The next major feather in Suchitra Sen's cap was 'Uttar Phalguni' (1966), where she carried the film in a double role as the prostitute mother and the lawyer daughter. This film was remade in Hindi as 'Mamta' with Suchitra herself. But perhaps Suchitra's biggest histrionic triumph was Saat Pake Bandha (1963). She played Archana who tries to overcome her domineering and snobbish mother (powerfully played by veteran Chhaya Devi) by marrying Sukhendu a serious University Lecturer played by Soumitra Chatterjee. However the mother continues to interfere reminding her son-in-law of his poverty. Suffering from divided loyalties, Archana's problems are aggravated when Sukhendu insists she sever all ties with her parents. Archana separates from Sukhendu and stays independently completing her studies. When she finally accepts her wifely duties and returns home it is too late as Sukhendu has resigned and gone abroad. Suchitra Sens's sensitively etched and finely nuanced performance won her the Best Actress Award at the Moscow International Film Festival in 1963 and the film itself was the basis for Kora Kaagaz (1974) starring Jaya Bhadhuri in the Suchitra Sen role.

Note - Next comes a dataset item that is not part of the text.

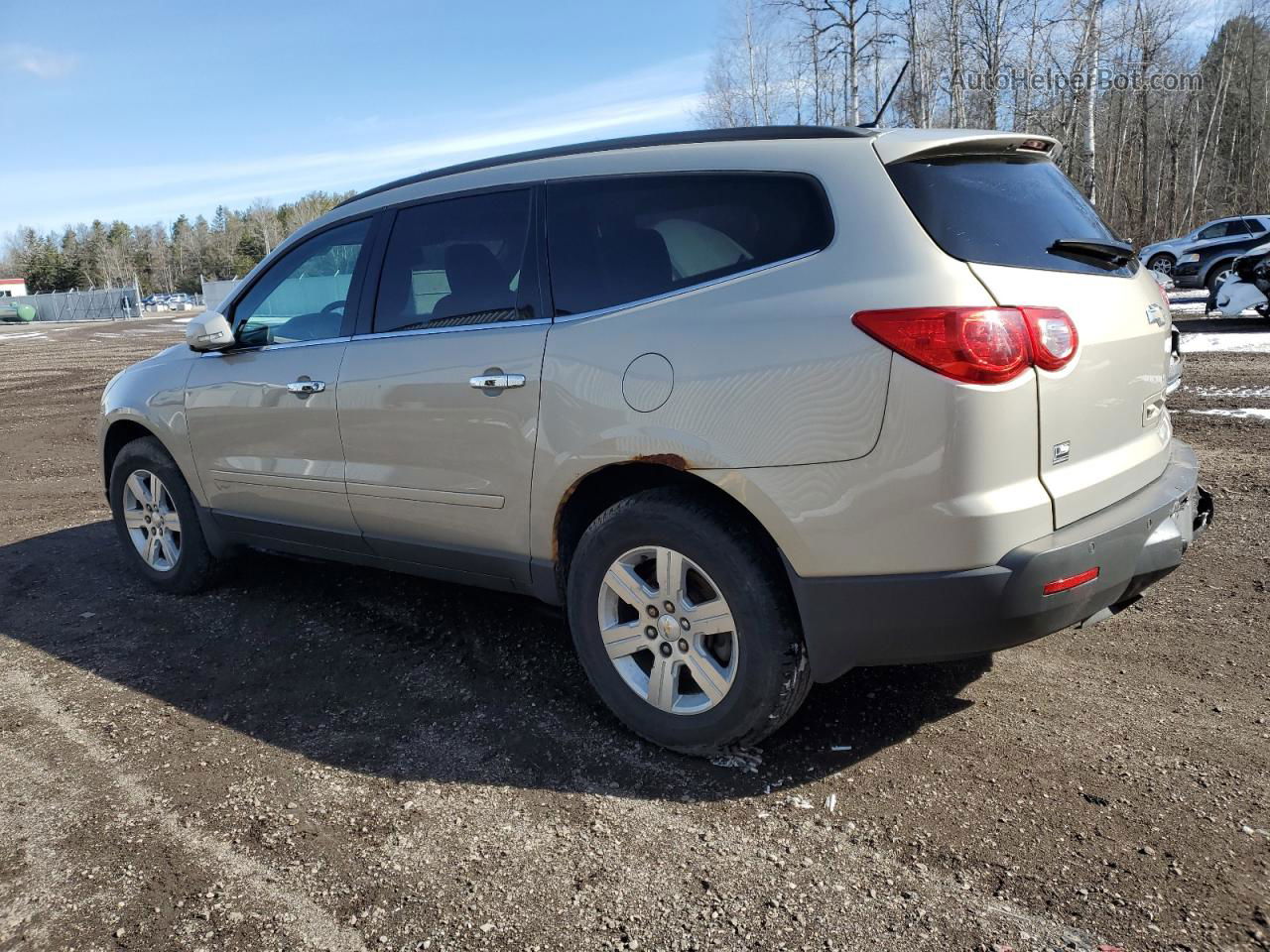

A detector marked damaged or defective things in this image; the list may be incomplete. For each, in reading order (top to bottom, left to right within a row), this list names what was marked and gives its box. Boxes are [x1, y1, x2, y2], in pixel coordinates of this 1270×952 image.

rust spot [631, 452, 691, 470]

While her supremacy in Bengal was unquestioned, Suchitra's forays into Hindi Cinema were far too infrequent and comparatively less successful. It is hard to fathom the reason for this. While her screen presence in her Hindi films was as stunning as ever, perhaps because of language problems her performances look a trifle stilted and reined in. Her first Hindi film was Bimal Roy's Devdas (1955) where she played Parvati to Dilip Kumar's Devdas. It was her finely honed performance that gave the film its necessary tone of lofty virtue, noble sacrifice and loyal devotion. Musafir (1957), Hrishikesh Mukherjee's episodic film of marriage, birth and death and Champakali (1957) failed to set the box-office alight and even her most uninhibited Hindi film performance in Bombay ka Babu (1960) opposite Dev Anand was plagued by troubles between her and the director, Raj Khosla. Mamta (1966) based on Uttar Falguni by the same director Asit Sen, saw her carry the film on her shoulder with a strong performance as both the mother, a courtesan and the daughter, a lawyer. She made a huge impact with Gulzar's Aandhi (1975) playing a powerful woman politician whose marriage had broken up since her husband, Sanjeev Kumar, opposed her having a career after marriage. Aandhi however ran into controversy due to her role which was based on Indira Gandhi and was even banned for a while.

She retired from the screen in 1978 and has since gone into almost Greta Garbo like seclusion. A devotee of Ramakrishna Mission, Suchitra now immerses herself in meditation and prayer. Her outdoor visits are confined to Belur Math, the headquarters of Ramakrishna Mission. Her daughter Moon Moon Sen and grand daughters Riya and Raima are all actresses as well.